My reply was about the YJ, not the Wrangler generically. With that in mind, below is the link to the Fisher application guide, which you'll see goes back to 97, the first year of the TJ, but ends right there. There is no YJ mount from Fisher, and "bigjeeping's" 93 is most definitely a YJ, which opens up a whole different can of worms than when talking about Wranglers generically.

http://www.fisherplows.com/ematch.asp

Couldn't locate a vehicle application guide at Curtis, but note that their lightest plow weighs in at 460 lb., a lotta weight to hang on the front of a YJ that's a year older than my own.

Note also that with the YJ's leaf springs, your reference to adding airbags isn't gonna work.

Bigjeeping's decided to go with the Snoway anyhow, which makes this discussion somewhat irrelevant, and he's wisely decided to go with the "22" series, which does away with the biggest drawback the plow had at the time I was looking, which was the narrow, 18-inch board.

Should work out just fine.


----------



## Donny O. (Feb 11, 2005)

I have 2.5" rancho springs on my 98 TJ and did nothing to beef the front when I put my 7'4" western suburbanite on. it weights 270# so very light and i put no weight in the back other than I carry a 50# bag of salt and hanve't noticed any funny handling.


----------



## WhiteKnight (Jan 26, 2006)

This is about BigJeeping's post about the Snoway plow on the jeep... He was actually talking about my plow, I'll post a few pic's in a few days, but anyway it was the MT series, I just put on some timberins up front, worked great!

I've plowed a few dirveways with it and i am very impressed w/ the down pressure! jeeps are strong, you can definitely go with the MT series if you have timberins!

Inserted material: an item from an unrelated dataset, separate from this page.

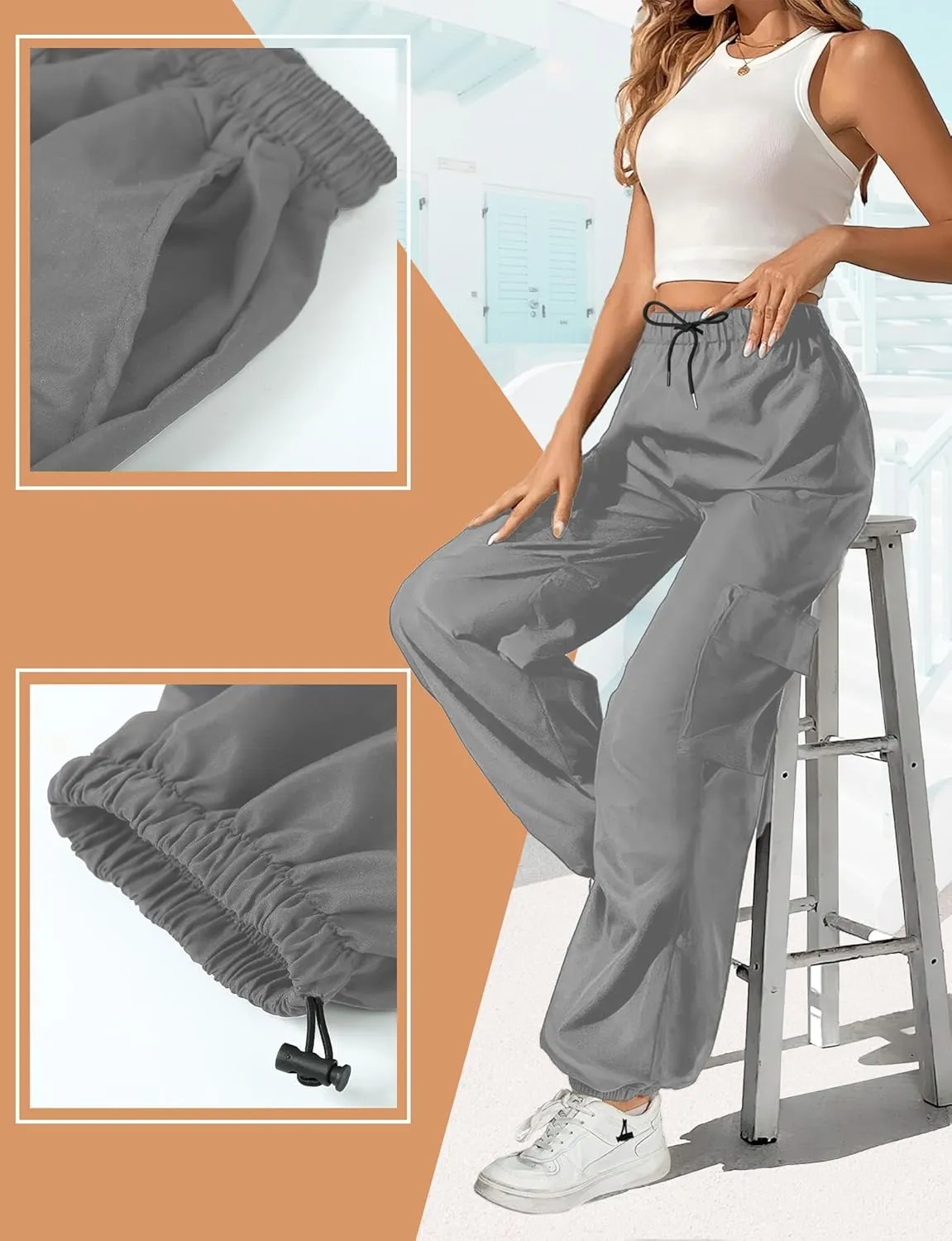 Buauty Womens Cargo Pants, Black Baggy Parachute Pants with Pockets Trendy Cargo Sweatpants Joggers for Women, Y2k Pants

I'm sure to always disconnect the plow when i'm done so not to stress out the jeep anymore than i have too.

Yes te 93' is YJ model


----------



## ppandr (Dec 16, 2004)

*Western/Fisher for us..*

I have 3 Wranglers, 2 with fisher minute mount 6.5 older style blades, one with plastic edge, one steel. I also have a western 6.5 unimount, which has a steel edge. All our jeeps have helper springs (two piece) from JC Witney, made for the rear springs. I mount them on the front springs with the rear facing leaf as designed, and the front facing spring under the orginal leaf. This is a low cost way of getting it done, and they ride great with or with out the plows.


----------